Diagram showing the visible pixels and the padding of a vImage buffer.

In some cases, this disparity between the row bytes used to hold image data and the buffer's actual row bytes may not affect your app's results. For this sample, compare the destination's rowBytes property against its width, multiplied by the stride of a Pixel_8 and, if the values are the same, you can infer there's no row byte padding and simply pass a pointer to the vImage buffer's data to vDSP's integerToFloatingPoint method:

var floatPixels: [Float]
let count = width * height

if sourceBuffer.rowBytes == width * MemoryLayout<Pixel_8>.stride {
    let start = sourceBuffer.data.assumingMemoryBound(to: Pixel_8.self)
    floatPixels = vDSP.integerToFloatingPoint(
        UnsafeMutableBufferPointer(start: start,
                                   count: count),
        floatingPointType: Float.self)

However, in the case where there is row byte padding, create an intermediate vImage buffer with explicit row bytes and use the vImage vImageConvert_Planar8toPlanarF function to populate floatPixels:

} else {
    floatPixels = [Float](unsafeUninitializedCapacity: count) {
        buffer, initializedCount in
        
        var floatBuffer = vImage_Buffer(data: buffer.baseAddress,
                                        height: sourceBuffer.height,
                                        width: sourceBuffer.width,
                                        rowBytes: width * MemoryLayout<Float>.size)
        
        vImageConvert_Planar8toPlanarF(&sourceBuffer,
                                       &floatBuffer,
                                       0, 255,
                                       vImage_Flags(kvImageNoFlags))
        
        initializedCount = count
    }
}

Perform the Convolution

The Laplacian kernel finds edges in the single-precision pixel values. Define the kernel as an array:

let laplacian: [Float] = [-1, -1, -1,
                          -1,  8, -1,
                          -1, -1, -1]

Use the vDSP convolve function to perform the convolution in-place on the floatPixels array:

vDSP.convolve(floatPixels,
              rowCount: height,
              columnCount: width,
              with3x3Kernel: laplacian,
              result: &floatPixels)

After the convolution, edges in the image have high values. The following image shows the result after convolution using the Laplacian kernel:

Photograph after Laplacian convolution. Edges appear as bright areas against a dark background.
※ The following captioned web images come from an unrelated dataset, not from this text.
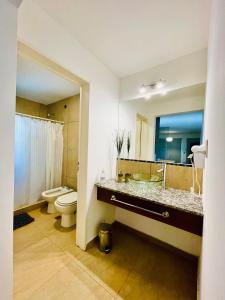 a bathroom with a sink and a toilet at BOULEVARD departamentos in Mina Clavero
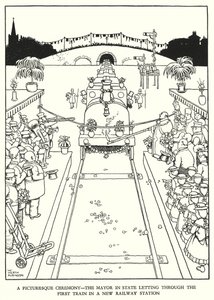 Illustration pour Railway Ribaldry par W Heath Robinson - William Heath Robinson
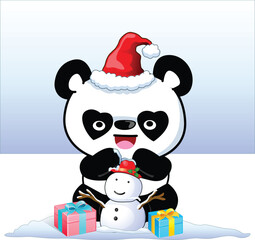 santa claus with snowman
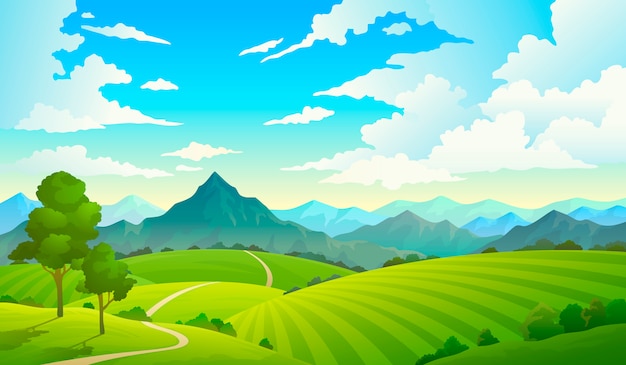 Vector meadows with mountains. landscape hill field mountain land sky wild nature grass forest countryside tree.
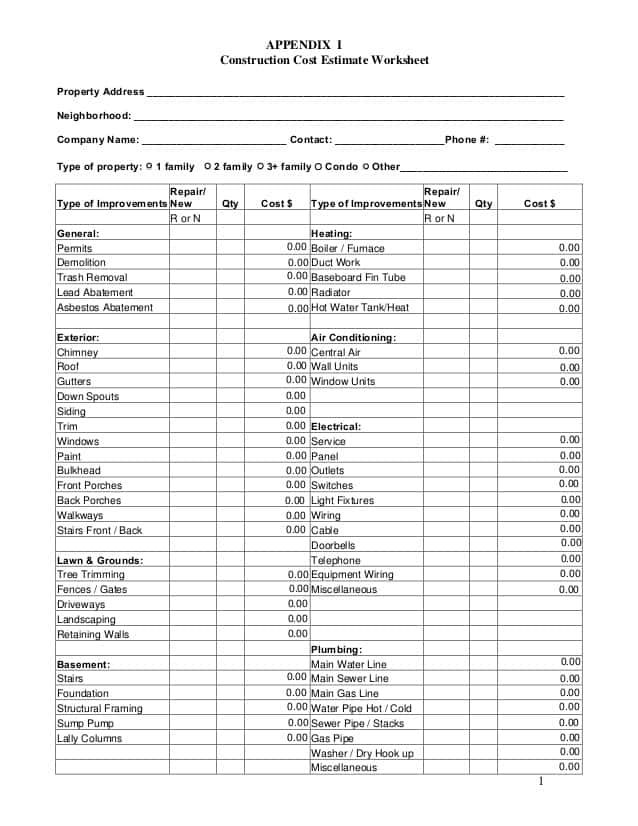 Construction Estimating Spreadsheet And Construction Cost Estimate Worksheet Xls
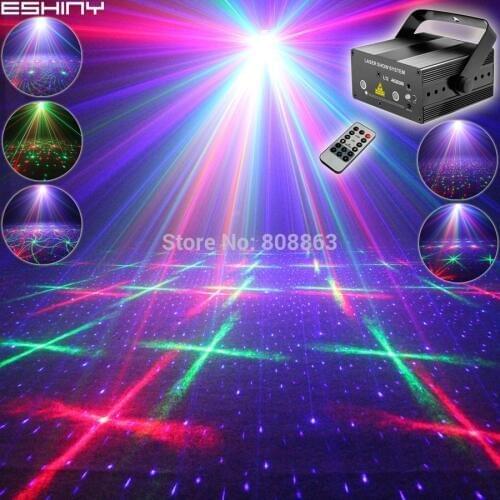 ESHINY RGB Laser 24 Patterns Projector Blue Full Stars Red Green Club Party Bar DJ Holiday Disco Xmas Dance Lighting Light T70D3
Calculate the Standard Deviation

Use the vDSP_normalize function to calculate the standard deviation of the pixel values after the edge detection:

var mean = Float.nan
var stdDev = Float.nan

vDSP_normalize(floatPixels, 1,
               nil, 1,
               &mean, &stdDev,
               vDSP_Length(count))

On return, stdDev contains the standard deviation, and you use this value as a measure of relative sharpness. Images with more variance have more detail than those with less variance, and that difference is used to derive the relative sharpness.

Create a vImage Buffer from the vDSP Convolution Result

To display the result of the convolution, create a vImage buffer from the pixel data in floatPixels. The following clips the result to 0 ... 255. The clipping ensures there's no overflow when converting the single-precision values to unsigned 8-bit integers with floatingPointToInteger(_:integerType:rounding:):

let clippedPixels = vDSP.clip(floatPixels, to: 0 ... 255)
var pixel8Pixels = vDSP.floatingPointToInteger(clippedPixels,
                                               integerType: UInt8.self,
                                               rounding: .towardNearestInteger)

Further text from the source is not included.